As soon as this was finished, we started fishing. There was no long run to contend with; I’m not sure if that boat could have survived it if there was one. Fish – on! It didn’t take long until the first of many 100-pound plus sail fish was on a line, sometimes three at a time. We had a really good day of fishing.

That night, we anchored off a little island, turned on the boat lights, and kept on fishing with the remaining parts and pieces of the bait fish. We were catching what they called Doctor fish, a fish with a fin as sharp and as hard as a razor blade on the side of its tail, and red snapper.

I can remember catching a snapper that must have been close to three feet in length. The deckhands took that fish and cleaned it through its mouth, stuffed it full of fruits and vegetables and threw it on the grill. Talk about some good eating.

The next morning it was time to start the engines for another day of sail fishing. OK, while we wait for a new battery, let’s keep on fishing. Yea, my concerns about the boat were real.

Before the end of the day and our trip, we managed to catch more sails than we had flags for and so many dolphin that we asked to stop fishing. Besides, we had filled up all the freezers on board.
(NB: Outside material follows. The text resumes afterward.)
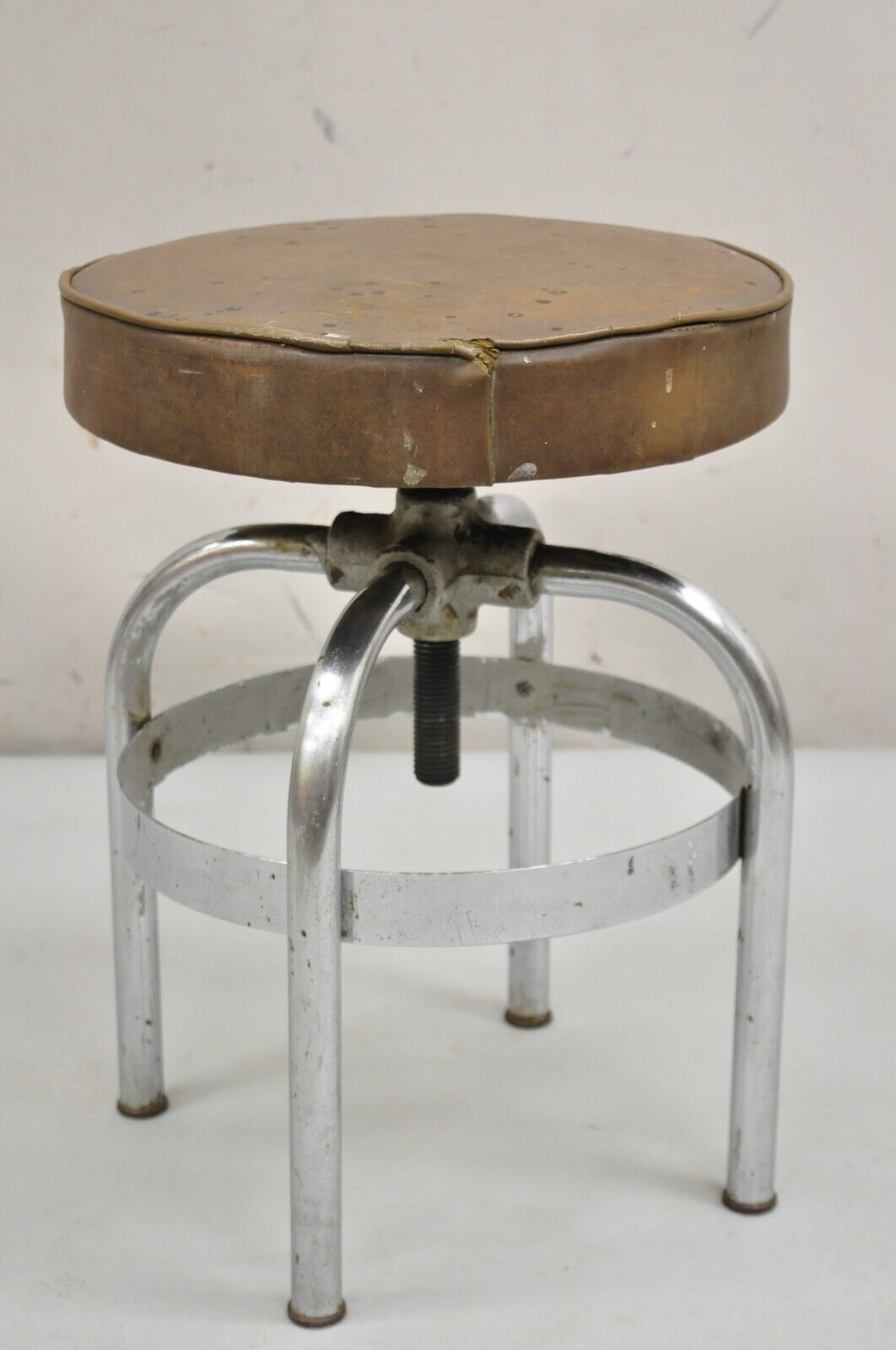 Vintage Helene Curtis Industrial Steel Metal Adjustable Medical Exam Stool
On our trip back, those deckhands made the most incredible soup. Using some of the fish heads as a base and adding vegetables, they made a meal you can’t get anywhere. Although I didn’t suck on the heads, as they did, the rest of it was amazing.

What a trip. To top it off, because of sitting most of the day for a battery and giving all the fish to the crew, we got another two-day trip at no charge the next weekend. Needless to say, my trip to Panama will never be forgotten.

I’m sure that crew has long been out of the business, but I have thought many times how much I would love to take by twins, Robert and David, to Panama, get on that same old boat, with that same old crew, and do that trip over again. In my mind, that would be heavenly and maybe it will be possible some day.